When the twelve tribes of Israel migrated to Egypt, they encountered a lifestyle foreign to them. The Egyptians were agriculturalists. As farmers, they despised shepherding because sheep and goats meant death to crops. Battles between farmers and shepherds are as old as they are fierce. The first murder in history erupted from a farmer’s resentment of a shepherd (Gen 4:1-8).

Egyptians considered sheep worthless for food and sacrifice. Egyptian art forms and historical records portray shepherds negatively. Neighboring Arabs–their enemy–were shepherds, and Egyptian hatred climaxed when shepherd kings seized Lower Egypt.

Pharaoh’s clean-shaven court looked down on the rugged shepherd sons of Jacob. Joseph matter-of-factly informed his brothers, “All shepherds are detestable to the Egyptians” (Gen. 46:34, NIV).

In the course of four hundred years, the Egyptians prejudiced the Israelites’ attitude toward shepherding. Jacob’s descendants became accustomed to a settled lifestyle and forgot their nomadic roots. When Israel later settled in Canaan (c. 1400 B.C.), the few tribes still retaining a fondness for pastoral life chose to live in the Transjordan (Num. 32:1-42).

After settling in Palestine, shepherding ceased to hold its prominent position. As the Israelites acquired more farmland, pasturing decreased. Shepherding became a menial vocation for the laboring class.

Often, the Bible tells of extraordinary shepherds. A millennia earlier, David, the “shepherd-king” of Israel, had cared for his people, just as he had cared for sheep when he was a boy shepherd in the fields outside Bethlehem. David could write the incredible words of Psalm 23, because he knew what it meant to be a good shepherd, and he knew that God was his good shepherd.

David tells us, “The Lord is my shepherd, I shall not be in want. He makes me lie down in green pastures, he leads me beside quiet waters” (vs. 1-2). And that isn’t all. The Lord guides. He protects with his rod and staff.

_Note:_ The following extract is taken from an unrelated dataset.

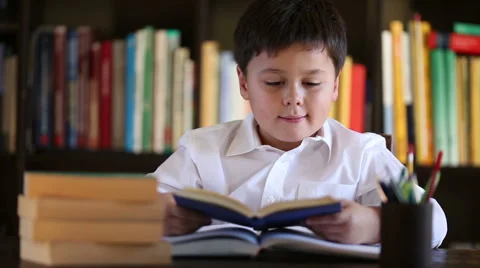 School boy reading and thinking with a smile Stock Footage 46025555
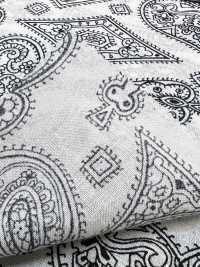 5026-1330-1 Vải Bandana Nền Off, In Xả Màu, Họa Tiết Paisley Lá Bài Hokkoh Ảnh phụ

Jesus, the descendant of David, came to be the good shepherd. In the Gospel of John, Jesus said that he knows us as his sheep, and we are to know him (10:14-15). He promised to defend us from wolves, and not run away. But most importantly, he said that the good shepherd lays down his life for his sheep.

So consider this: On the night Jesus’ life began in this world, an inexorable process was set in motion-leading to the day when he would lay down his life for the world. All this in the fashion of a truly good shepherd. So an angelic visitation to shepherds in Bethlehem-men who understood feeding and guiding and saving-was the best way for Chapter One to begin.

Day 14: Great Faith and Grace and Seeing the ‘More Than’

This is how the birth of Jesus Christ came about: His mother Mary was pledged to be married to Joseph, but before they came together, she was found to be with child through the Holy Spirit. Because Joseph her husband was a righteous man and did not want to expose her to public disgrace, he had in mind to divorce her quietly. -Matthew 1:18-19

Can you imagine what it would feel like to find out that the person you had been pledge to marry was with child? Or, for us girls, the equivalent: having a child with another woman?

Joseph. A name meaning he will add or the more than. God did both.

We know so little about Joseph. He is only mentioned in the birth and childhood stories of Jesus. He was named after an ancient patriarch who used his success in Egypt to save his family and a  future nation. Joseph was a carpenter who lived in the town of Nazareth. His ancestors were from Bethlehem, so when a Roman ruler, Caesar Augustus, wanted a census, Joseph had to go back to Bethlehem, even though his wife was well along in her pregnancy. Joseph was not the father. While Christ came as the Son of Man, He was never the son of man.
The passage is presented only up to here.